Stupid really, but when something is close and familiar you just don’t
appreciate it as you should.
Yesterday while at Johnson’s Canyon, I was talking to a
young man from the UK
who was visiting for about a week and a half. He and his wife had spent a day
or two in the Banff area and from
the canyon they were driving up to Jasper with a stop at the Athabasca
glacier. From Jasper they were taking the train through the mountains to Vancouver
for a day or so and then to Vancouver Island . They fly
back to the UK
from the island. Sounds like a great trip and already they were planning
another visit in a year or two to catch the sights they missed this trip.

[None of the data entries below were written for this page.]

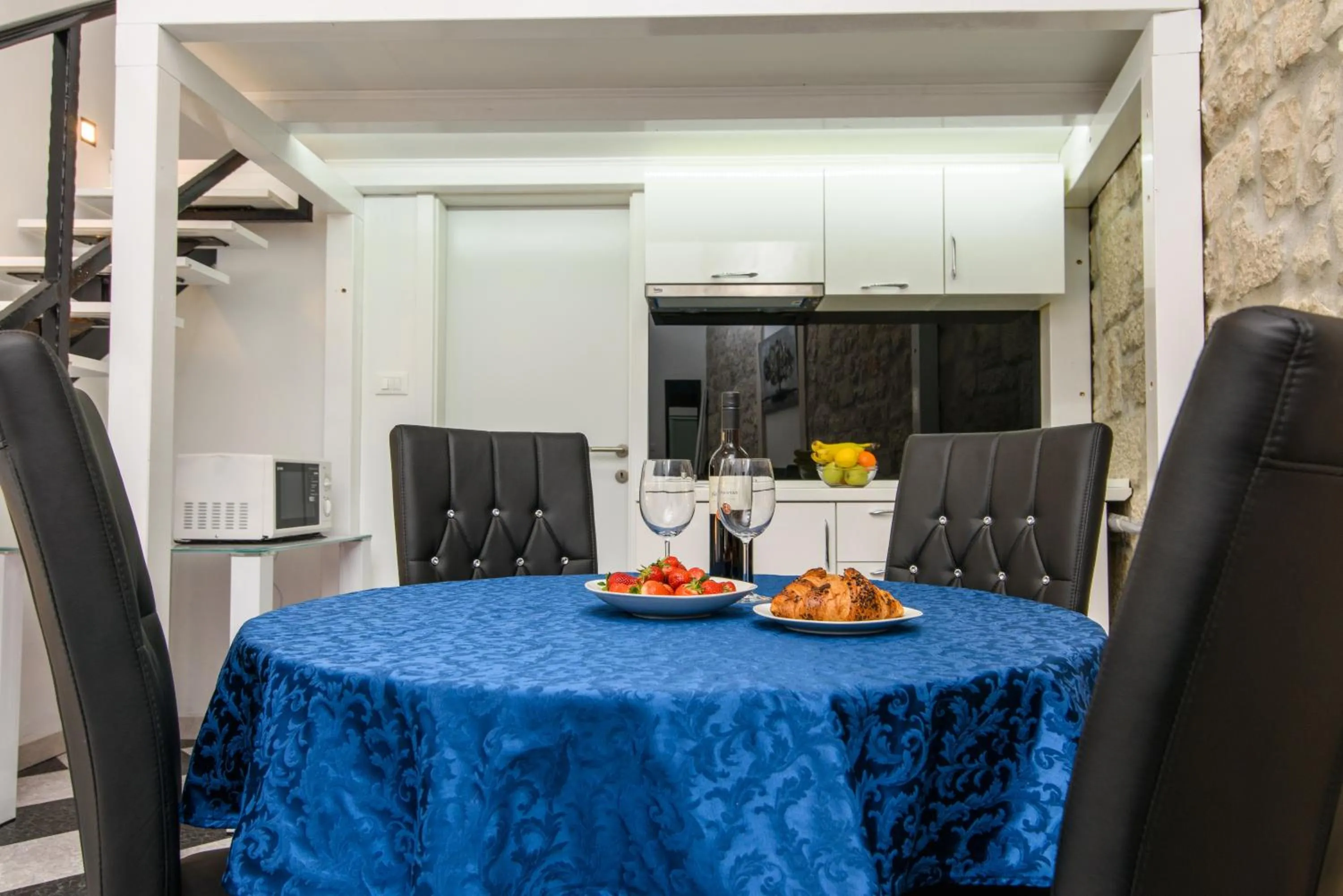 Kitchen or kitchenette in Studio Apartman REA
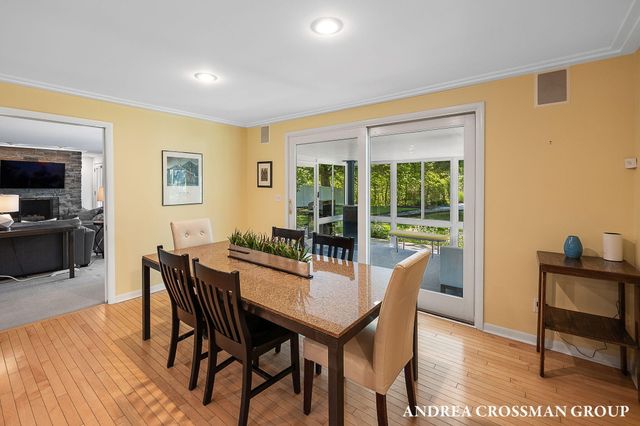 2056 Lakeshore Drive, Ganges Twp, MI 49408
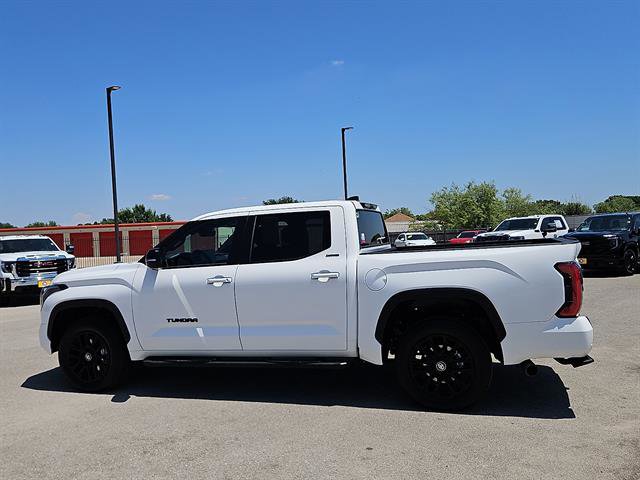 Used 2026 Toyota Tundra Limited AWD/4WD image 2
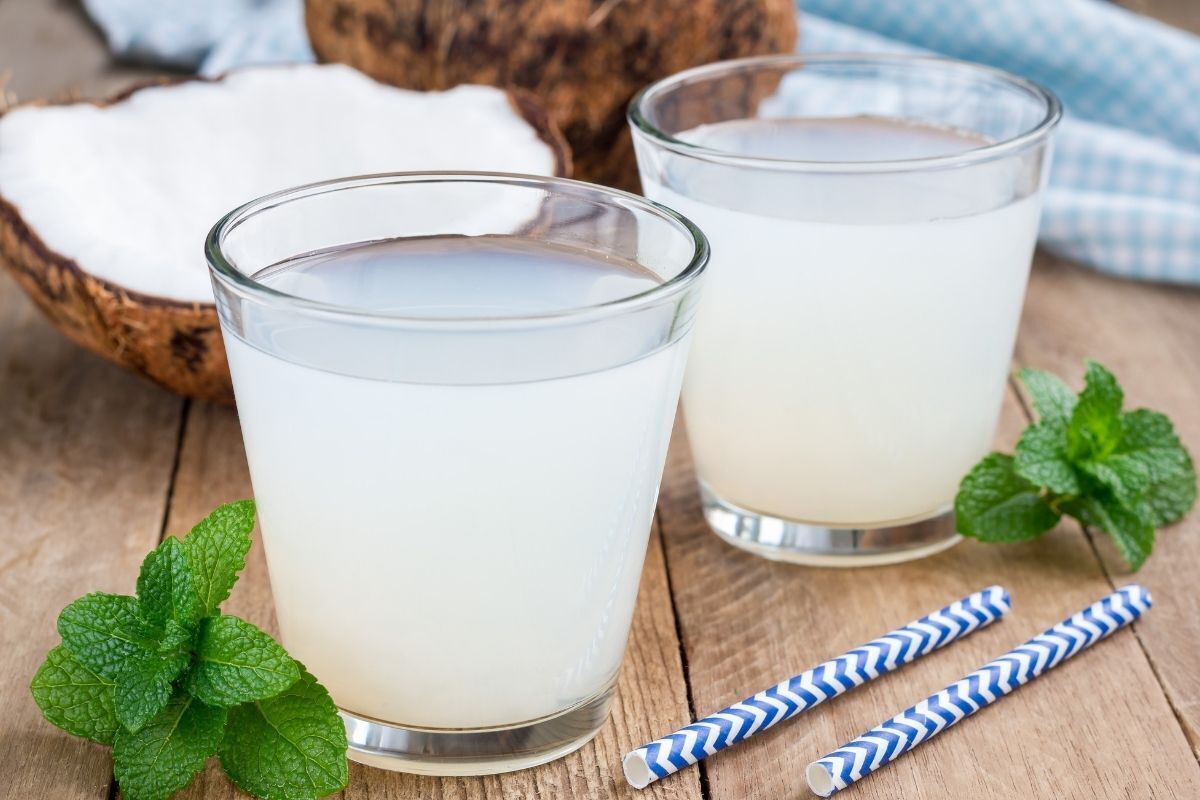 Suco detox de água de coco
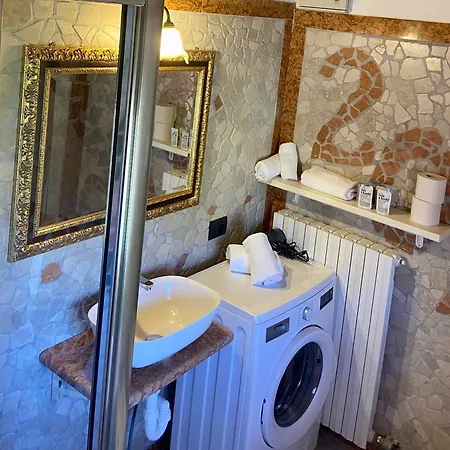 Ca Donzella Oda ve Kahvaltı 4*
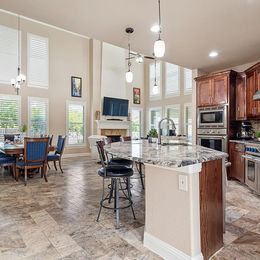 Building Photo - 15524 Sweetpine Ln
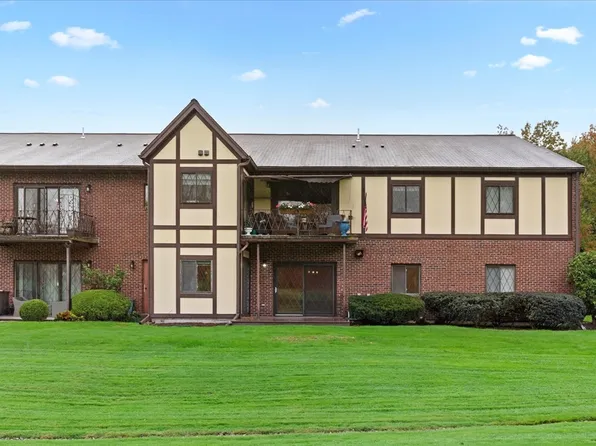 34 Rainbow Pond Dr APT A1, Walpole, MA 02081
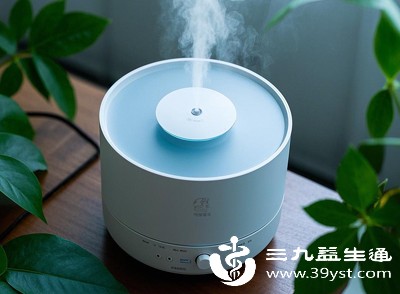 可使用加湿器，避免空气干燥对眼睛造成刺激
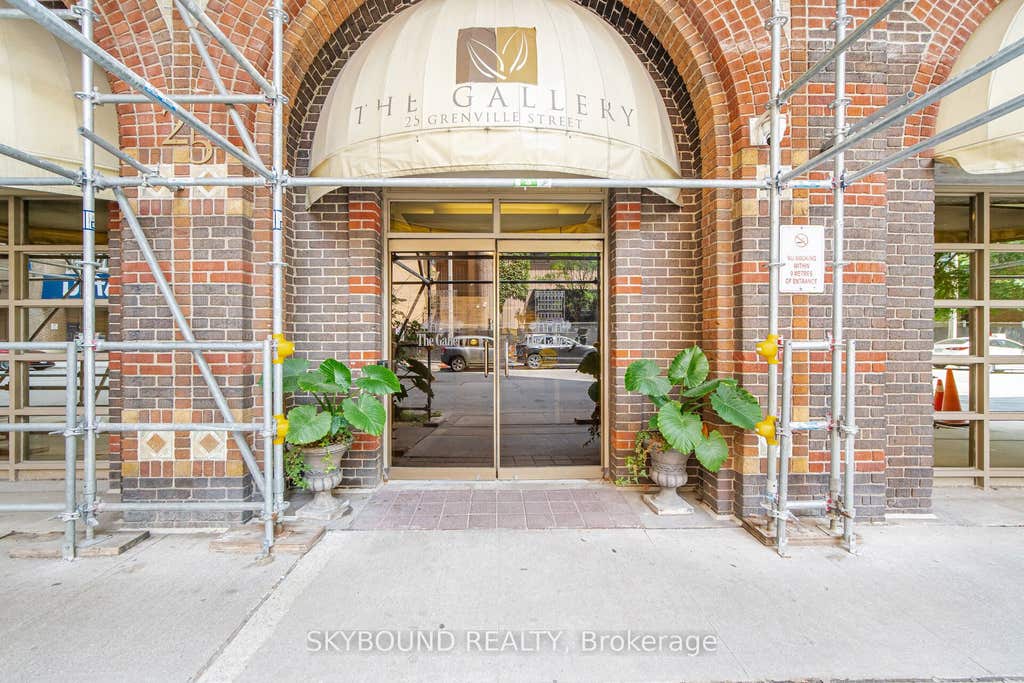 Photo of 25 Grenville Street #1605, Toronto, ON M4Y 2X5 (MLS # C13649466)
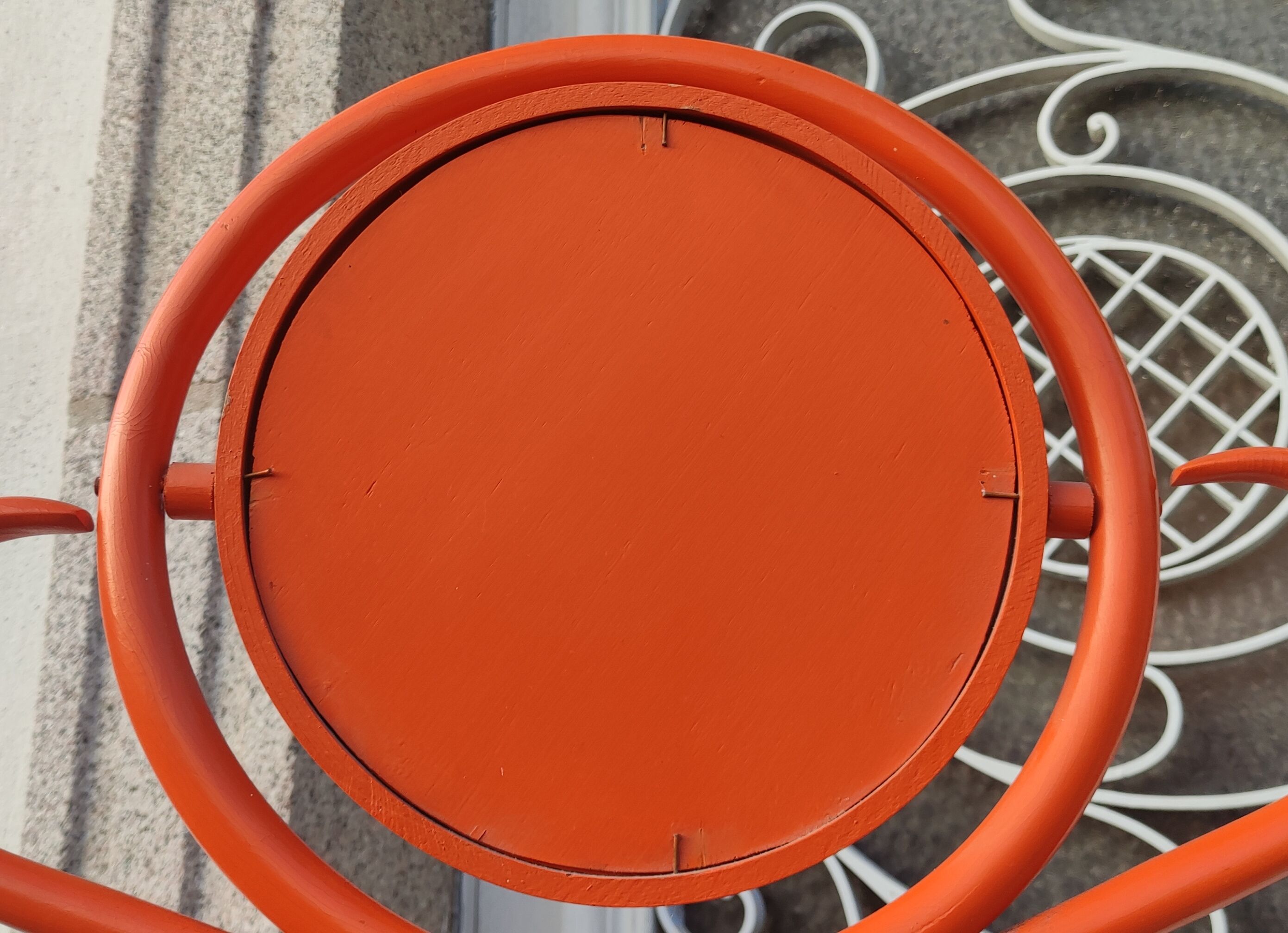 Mirror coat rack on foot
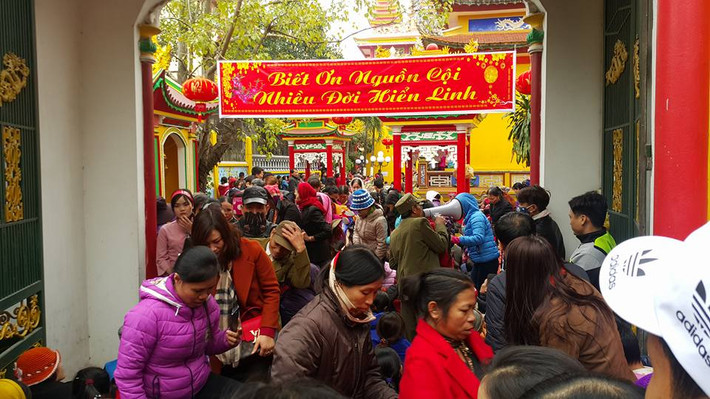Bất kỳ nơi nào của Phủ Mẫu The cũng là cảnh dòng người đông nghịt, chen chúc nhau.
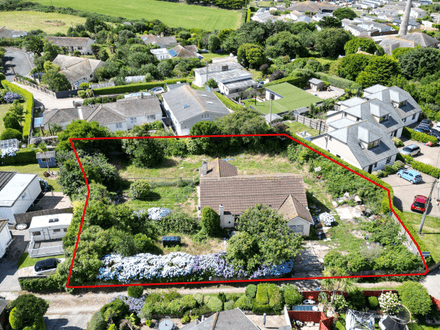 3 bedroom bungalow for improvement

…and I don’t want to spend $20 in gas.
We heard so many accents and foreign languages yesterday
that it made me want to hop on a plane and go see the wonders that they all
take for granted in their home countries. Maybe they don’t, but it makes me
feel better about myself to think that.
The weather was wonderful, hovering around the 27°C mark. We
had the air conditioning on in the car on the highway, but kept the windows
open when driving the slower roads. We had lunch in Banff
and would have eaten on the patio if there had been a free table.
Today in Calgary
the high was about 7°C but with the wind chill it felt like 2°C. That is a
twenty degree difference in about twelve hours. To make matters worse, just
around supper time a storm passed through and dropped a couple of inches of
hail, so that the lawn looks like it did this winter. I had to scrape the hail
away from my pea seedlings in the hopes that they won’t freeze overnight. It is
above freezing but the hail will linger until tomorrow when it should warm up
enough to make it disappear.
Well, it’s official. The furnace just turned on and I might
just crank it up a little bit more. This weather sucks!